Beginning with the line of the entries below that holds "Tombow Fudenosuke Neon" and ending with the line that holds "Summer Mini Evening Dress Strapless Lime", transcribe each line exactly as written. Pictures stay out.
*** Excerpted records ***
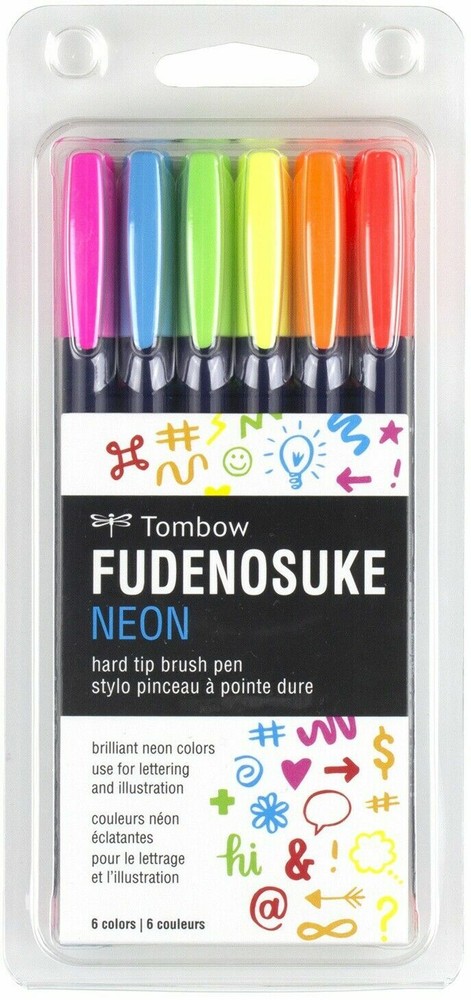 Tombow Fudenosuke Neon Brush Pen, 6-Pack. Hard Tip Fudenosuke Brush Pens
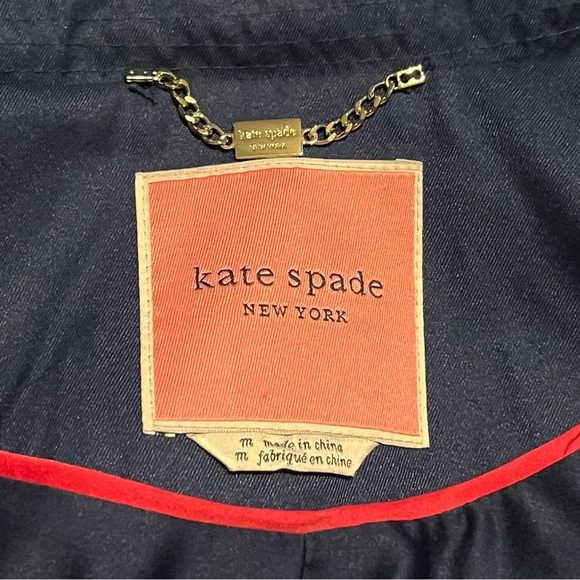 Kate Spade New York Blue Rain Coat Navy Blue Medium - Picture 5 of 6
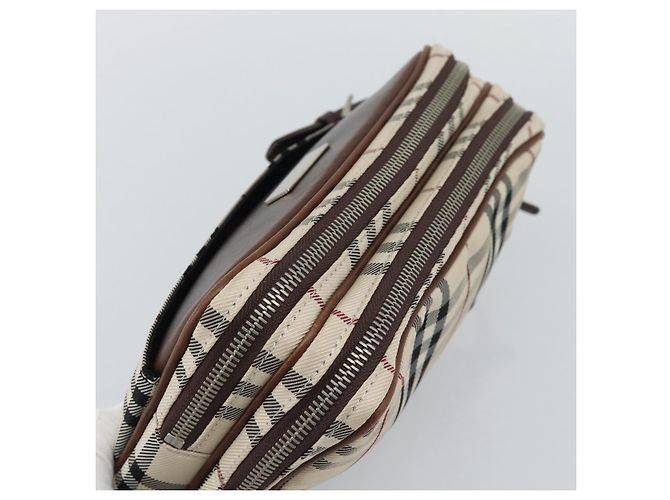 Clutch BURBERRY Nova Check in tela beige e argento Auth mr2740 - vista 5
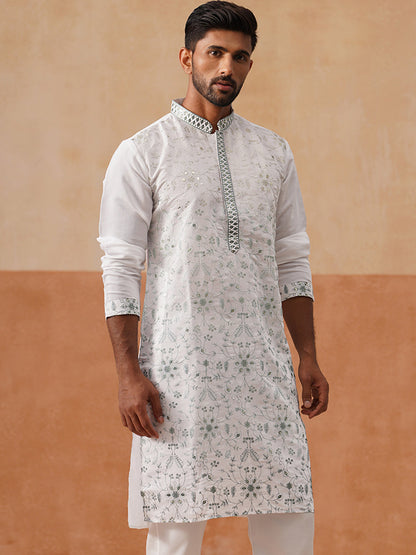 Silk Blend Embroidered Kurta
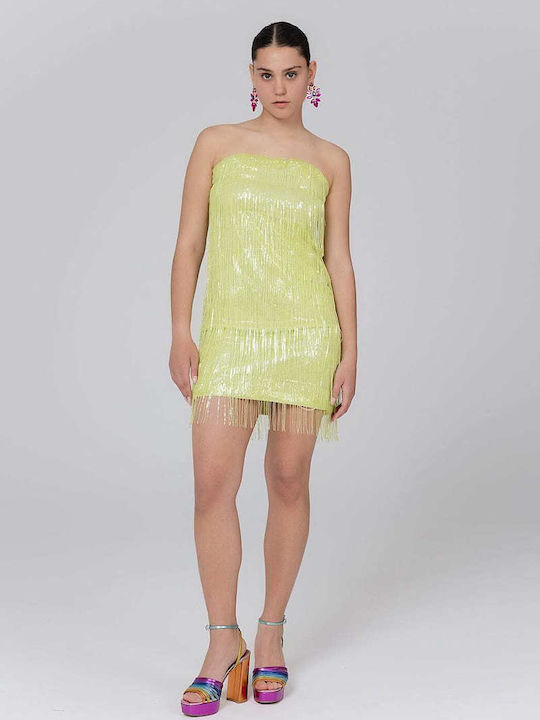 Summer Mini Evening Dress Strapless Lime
***
*** Excerpted records ***
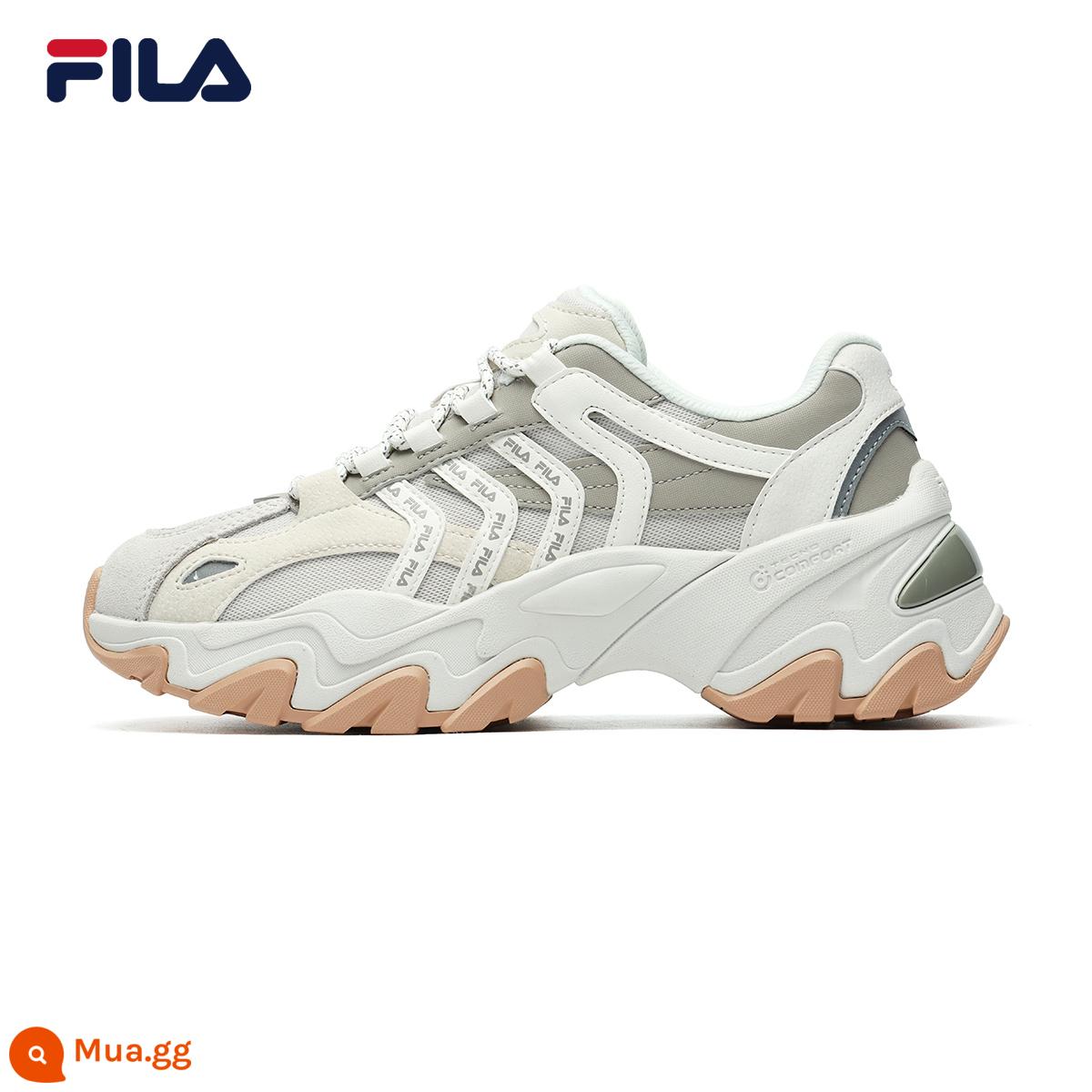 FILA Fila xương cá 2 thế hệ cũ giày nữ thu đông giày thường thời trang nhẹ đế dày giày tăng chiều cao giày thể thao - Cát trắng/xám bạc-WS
***
*** Excerpted records ***
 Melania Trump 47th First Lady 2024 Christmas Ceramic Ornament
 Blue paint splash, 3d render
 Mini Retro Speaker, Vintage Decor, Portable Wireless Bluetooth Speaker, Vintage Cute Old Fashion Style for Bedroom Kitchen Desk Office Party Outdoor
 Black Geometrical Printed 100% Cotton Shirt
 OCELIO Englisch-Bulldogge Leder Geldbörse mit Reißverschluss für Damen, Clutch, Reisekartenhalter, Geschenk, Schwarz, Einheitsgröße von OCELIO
***
* _Exercise output_
 Tombow Fudenosuke Neon Brush Pen, 6-Pack. Hard Tip Fudenosuke Brush Pens
 Kate Spade New York Blue Rain Coat Navy Blue Medium - Picture 5 of 6
 Clutch BURBERRY Nova Check in tela beige e argento Auth mr2740 - vista 5
 Silk Blend Embroidered Kurta
 Summer Mini Evening Dress Strapless Lime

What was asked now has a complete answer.